Noah Tanabe wrote: ”My grandfather is proud of having voted in every single presidential election since he was awarded his citizenship in order to serve during WWII. Here he is, 93 years old and on his deathbed, with my aunt helping him fill out one last ballot.”
The Associated Press reports:
Barbara Tanabe read aloud the names of the candidates to her dad. He either nodded “yes” to the names or shook his head “no.” She filled in the boxes on his behalf, following his instructions even when he didn’t pick the people she wanted.
“There were some that were OK, but there were others where I said, ‘Dad, are you sure?’” she said.
But he knew what he was doing. He’s kept up on the issues, reading newspapers regularly until only recently, she said.
Tanabe had been a student at the University of Washington when Franklin D. Roosevelt ordered the internment of over 100,000 Japanese-Americans during the start of the war. He then joined the Army while at the Tule Lake internment camp in California, and served in the 100th Infantry Battalion and 442nd Regimental Combat Team—which went on to become the most decorated regiment in U.S. military history.

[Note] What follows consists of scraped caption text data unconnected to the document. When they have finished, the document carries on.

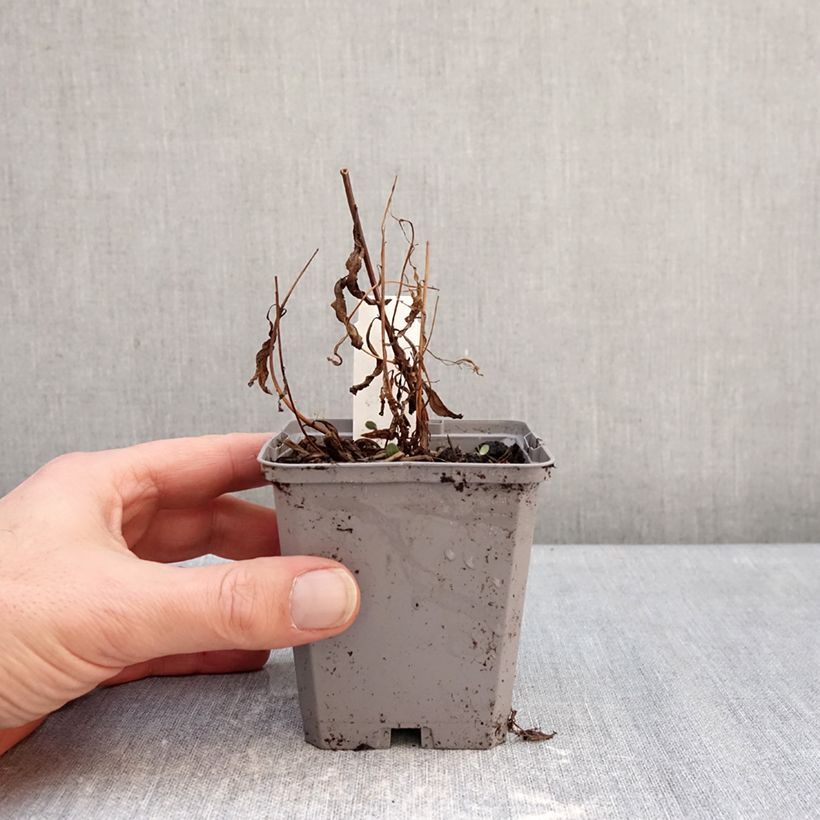 Epilobium angustifolium - Adelfilla de hojas estrechas Maceta de 8/9 cm Ejemplar entregado en invierno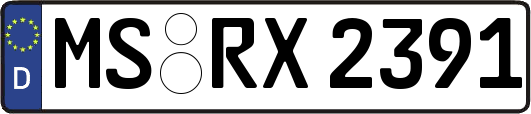 MS-RX2391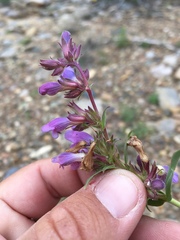 Penstemon breviculus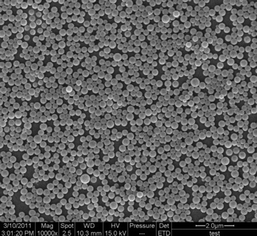 A SEM image of the nanoparticles formed from HEPCP.
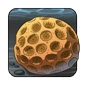 Reefsnail_Egg.png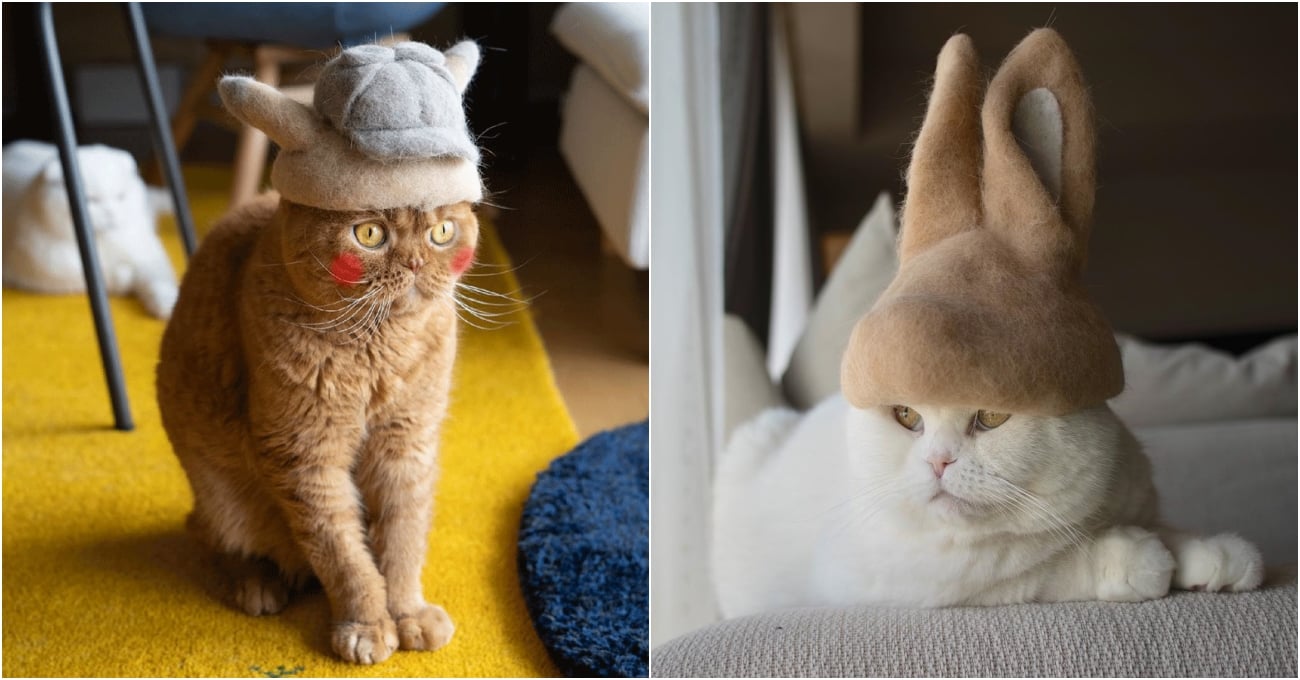 Kedilere Kendi Tüylerinden El Yapımı Şapkalar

But the AP adds that Tanabe’s ballot could be considered invalid if he dies before November 6:
Glenn Takahashi, Honolulu election administrator, said absentee ballots cast by voters who later die become invalid if the state Department of Health notifies elections officials of the death before Election Day. To void a ballot when that happens, officials have to be able to sort through tens of thousands of ballots to find the one in question. This is not always practical, and so the ballot is counted if it isn’t.
So, who did Tanabe vote for? We don’t know for sure, but Noah adds in the comments section on his post that his grandfather has always been “a lifelong Democrat, so I can’t imagine he didn’t vote [for] Obama.”